= Work to complete =
The exercise asks you to copy every line below in which "Women" appears.

= Exercise data =
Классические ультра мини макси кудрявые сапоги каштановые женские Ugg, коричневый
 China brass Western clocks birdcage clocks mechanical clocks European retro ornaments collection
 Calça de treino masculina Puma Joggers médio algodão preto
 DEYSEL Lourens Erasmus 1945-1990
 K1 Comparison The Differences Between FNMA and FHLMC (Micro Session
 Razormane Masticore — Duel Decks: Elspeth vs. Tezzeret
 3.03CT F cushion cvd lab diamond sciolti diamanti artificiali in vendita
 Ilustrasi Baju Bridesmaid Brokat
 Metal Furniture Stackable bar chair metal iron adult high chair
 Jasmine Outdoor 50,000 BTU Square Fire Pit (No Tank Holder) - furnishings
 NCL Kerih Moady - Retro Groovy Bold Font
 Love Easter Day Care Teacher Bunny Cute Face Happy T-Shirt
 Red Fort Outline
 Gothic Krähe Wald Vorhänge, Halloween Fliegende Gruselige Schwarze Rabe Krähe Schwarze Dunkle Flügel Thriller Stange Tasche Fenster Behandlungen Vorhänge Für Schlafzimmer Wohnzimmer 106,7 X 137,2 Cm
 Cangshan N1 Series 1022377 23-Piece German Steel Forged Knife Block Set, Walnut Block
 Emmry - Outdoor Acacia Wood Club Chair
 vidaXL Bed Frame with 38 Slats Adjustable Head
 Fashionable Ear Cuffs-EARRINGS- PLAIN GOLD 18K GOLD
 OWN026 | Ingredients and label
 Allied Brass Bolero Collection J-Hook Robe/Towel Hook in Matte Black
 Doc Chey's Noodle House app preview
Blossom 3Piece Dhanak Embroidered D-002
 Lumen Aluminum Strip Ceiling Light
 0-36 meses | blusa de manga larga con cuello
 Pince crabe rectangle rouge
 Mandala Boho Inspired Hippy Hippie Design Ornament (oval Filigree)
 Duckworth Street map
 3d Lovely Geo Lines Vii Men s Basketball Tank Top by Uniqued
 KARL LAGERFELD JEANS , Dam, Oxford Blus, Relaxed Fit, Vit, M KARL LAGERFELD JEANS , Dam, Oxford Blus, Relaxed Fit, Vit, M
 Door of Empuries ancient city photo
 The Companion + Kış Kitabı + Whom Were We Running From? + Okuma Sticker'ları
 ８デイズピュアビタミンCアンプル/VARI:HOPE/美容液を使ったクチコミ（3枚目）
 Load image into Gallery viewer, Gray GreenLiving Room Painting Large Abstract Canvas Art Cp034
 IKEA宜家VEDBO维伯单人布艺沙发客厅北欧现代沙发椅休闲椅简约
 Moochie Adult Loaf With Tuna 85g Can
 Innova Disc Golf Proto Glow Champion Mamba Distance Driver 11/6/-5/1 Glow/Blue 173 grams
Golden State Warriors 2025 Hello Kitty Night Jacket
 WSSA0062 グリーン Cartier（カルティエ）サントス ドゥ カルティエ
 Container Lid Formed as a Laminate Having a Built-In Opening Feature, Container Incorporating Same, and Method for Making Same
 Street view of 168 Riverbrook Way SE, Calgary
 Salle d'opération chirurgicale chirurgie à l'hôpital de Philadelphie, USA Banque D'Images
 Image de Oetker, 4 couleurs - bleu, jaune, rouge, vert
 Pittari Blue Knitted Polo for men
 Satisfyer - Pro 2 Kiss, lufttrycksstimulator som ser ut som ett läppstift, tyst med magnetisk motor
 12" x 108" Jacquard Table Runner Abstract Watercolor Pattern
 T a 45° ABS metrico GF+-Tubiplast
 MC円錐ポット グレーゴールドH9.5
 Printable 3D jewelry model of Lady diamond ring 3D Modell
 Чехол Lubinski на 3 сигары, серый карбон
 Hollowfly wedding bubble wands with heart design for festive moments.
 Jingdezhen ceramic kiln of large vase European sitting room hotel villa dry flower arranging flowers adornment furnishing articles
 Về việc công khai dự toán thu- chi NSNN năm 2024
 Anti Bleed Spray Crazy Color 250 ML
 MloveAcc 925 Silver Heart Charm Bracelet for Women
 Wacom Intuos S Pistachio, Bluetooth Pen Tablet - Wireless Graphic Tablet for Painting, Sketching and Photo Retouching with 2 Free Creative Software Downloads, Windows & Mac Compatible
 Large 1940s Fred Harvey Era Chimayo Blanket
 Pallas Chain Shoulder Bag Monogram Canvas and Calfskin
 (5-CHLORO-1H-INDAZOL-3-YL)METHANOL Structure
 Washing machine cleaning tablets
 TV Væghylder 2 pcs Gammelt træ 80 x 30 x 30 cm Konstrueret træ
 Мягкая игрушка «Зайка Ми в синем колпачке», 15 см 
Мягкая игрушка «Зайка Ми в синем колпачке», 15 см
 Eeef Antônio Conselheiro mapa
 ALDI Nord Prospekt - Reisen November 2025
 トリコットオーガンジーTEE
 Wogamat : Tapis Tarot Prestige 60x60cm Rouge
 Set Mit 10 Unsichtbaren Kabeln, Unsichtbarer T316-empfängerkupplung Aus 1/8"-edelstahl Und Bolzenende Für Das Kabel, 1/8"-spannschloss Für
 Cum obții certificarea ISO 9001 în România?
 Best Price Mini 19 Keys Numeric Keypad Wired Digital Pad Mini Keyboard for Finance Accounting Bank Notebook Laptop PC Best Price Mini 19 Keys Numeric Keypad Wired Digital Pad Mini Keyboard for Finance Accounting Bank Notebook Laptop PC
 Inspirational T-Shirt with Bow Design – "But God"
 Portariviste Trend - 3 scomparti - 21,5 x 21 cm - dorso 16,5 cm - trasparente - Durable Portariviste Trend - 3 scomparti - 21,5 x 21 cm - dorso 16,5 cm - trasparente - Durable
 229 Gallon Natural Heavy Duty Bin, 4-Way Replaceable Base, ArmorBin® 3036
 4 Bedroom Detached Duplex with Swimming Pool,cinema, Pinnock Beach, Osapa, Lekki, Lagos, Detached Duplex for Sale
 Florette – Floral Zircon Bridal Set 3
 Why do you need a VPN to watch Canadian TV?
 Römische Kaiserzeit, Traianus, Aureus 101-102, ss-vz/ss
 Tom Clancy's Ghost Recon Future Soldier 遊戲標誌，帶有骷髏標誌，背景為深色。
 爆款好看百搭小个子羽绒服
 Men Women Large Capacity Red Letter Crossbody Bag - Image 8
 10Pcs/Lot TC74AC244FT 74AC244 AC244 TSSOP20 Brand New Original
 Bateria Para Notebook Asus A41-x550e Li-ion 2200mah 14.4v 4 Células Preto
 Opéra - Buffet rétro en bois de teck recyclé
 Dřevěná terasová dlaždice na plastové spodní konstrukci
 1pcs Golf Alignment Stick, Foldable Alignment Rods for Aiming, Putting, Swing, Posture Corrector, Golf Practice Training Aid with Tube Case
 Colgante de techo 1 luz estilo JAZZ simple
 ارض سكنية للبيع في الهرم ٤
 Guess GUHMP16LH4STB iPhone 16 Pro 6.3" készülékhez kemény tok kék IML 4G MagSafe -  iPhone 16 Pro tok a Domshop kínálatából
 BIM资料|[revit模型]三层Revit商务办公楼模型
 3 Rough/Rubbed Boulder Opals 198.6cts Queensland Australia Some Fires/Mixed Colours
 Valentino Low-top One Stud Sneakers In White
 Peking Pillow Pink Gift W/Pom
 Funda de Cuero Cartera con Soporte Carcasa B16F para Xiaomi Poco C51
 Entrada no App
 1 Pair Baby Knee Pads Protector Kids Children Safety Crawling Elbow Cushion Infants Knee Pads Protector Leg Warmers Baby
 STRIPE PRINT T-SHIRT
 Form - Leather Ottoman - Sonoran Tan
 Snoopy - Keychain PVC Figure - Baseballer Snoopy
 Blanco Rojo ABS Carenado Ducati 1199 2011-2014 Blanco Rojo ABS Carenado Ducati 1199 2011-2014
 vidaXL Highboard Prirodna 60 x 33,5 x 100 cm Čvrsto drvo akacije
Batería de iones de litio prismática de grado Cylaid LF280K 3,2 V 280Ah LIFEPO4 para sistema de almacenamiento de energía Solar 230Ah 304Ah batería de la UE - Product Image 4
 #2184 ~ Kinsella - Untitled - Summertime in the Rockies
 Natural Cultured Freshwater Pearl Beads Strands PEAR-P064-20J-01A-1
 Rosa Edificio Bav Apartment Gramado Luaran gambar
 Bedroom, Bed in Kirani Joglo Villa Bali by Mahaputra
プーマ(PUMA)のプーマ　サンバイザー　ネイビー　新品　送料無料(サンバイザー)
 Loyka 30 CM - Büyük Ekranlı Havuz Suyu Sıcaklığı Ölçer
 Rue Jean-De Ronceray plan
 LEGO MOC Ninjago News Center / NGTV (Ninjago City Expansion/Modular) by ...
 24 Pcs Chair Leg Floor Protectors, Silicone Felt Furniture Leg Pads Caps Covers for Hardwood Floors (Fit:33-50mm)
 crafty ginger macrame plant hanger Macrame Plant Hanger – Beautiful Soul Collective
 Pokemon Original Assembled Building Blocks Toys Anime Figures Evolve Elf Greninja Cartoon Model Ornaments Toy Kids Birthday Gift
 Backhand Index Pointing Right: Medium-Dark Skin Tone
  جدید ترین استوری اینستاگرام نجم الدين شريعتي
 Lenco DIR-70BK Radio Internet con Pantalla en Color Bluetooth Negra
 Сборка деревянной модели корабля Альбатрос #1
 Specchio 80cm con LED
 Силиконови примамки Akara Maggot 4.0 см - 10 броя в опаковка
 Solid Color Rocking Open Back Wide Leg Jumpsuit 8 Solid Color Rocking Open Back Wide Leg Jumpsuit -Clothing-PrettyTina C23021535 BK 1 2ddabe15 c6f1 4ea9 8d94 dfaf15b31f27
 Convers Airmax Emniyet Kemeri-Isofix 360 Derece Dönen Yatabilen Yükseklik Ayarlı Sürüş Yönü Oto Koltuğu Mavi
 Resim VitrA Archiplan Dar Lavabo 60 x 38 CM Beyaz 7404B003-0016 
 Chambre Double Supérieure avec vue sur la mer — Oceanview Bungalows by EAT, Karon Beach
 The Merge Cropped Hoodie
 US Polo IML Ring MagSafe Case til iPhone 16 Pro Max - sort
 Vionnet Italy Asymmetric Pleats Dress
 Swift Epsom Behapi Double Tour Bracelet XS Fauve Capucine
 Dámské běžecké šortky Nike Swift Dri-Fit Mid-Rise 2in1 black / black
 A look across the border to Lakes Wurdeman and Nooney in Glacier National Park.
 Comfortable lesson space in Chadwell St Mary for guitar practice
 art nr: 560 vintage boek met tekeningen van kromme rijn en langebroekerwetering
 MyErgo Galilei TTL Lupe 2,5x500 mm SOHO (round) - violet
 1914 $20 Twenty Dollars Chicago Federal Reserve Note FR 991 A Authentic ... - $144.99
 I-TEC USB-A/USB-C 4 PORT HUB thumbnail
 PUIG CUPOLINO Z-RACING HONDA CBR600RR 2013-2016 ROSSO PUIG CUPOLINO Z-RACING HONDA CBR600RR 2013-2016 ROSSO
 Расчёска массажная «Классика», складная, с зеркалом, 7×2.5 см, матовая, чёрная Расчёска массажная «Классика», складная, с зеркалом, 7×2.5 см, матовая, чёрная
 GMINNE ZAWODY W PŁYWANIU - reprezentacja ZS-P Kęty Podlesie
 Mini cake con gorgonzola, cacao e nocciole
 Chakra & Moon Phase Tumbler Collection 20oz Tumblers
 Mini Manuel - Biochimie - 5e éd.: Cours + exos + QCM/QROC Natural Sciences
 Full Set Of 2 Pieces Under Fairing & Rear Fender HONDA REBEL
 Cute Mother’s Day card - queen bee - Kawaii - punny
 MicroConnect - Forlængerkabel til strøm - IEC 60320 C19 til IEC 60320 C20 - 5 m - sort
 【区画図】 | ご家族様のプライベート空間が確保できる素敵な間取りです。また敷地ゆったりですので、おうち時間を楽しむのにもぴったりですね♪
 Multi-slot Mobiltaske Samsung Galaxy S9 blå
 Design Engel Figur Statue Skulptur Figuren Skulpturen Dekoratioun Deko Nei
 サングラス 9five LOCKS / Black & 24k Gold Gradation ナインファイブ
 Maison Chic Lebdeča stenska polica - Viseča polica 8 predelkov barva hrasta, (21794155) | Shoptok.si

= Your solution =
 MloveAcc 925 Silver Heart Charm Bracelet for Women
 Men Women Large Capacity Red Letter Crossbody Bag - Image 8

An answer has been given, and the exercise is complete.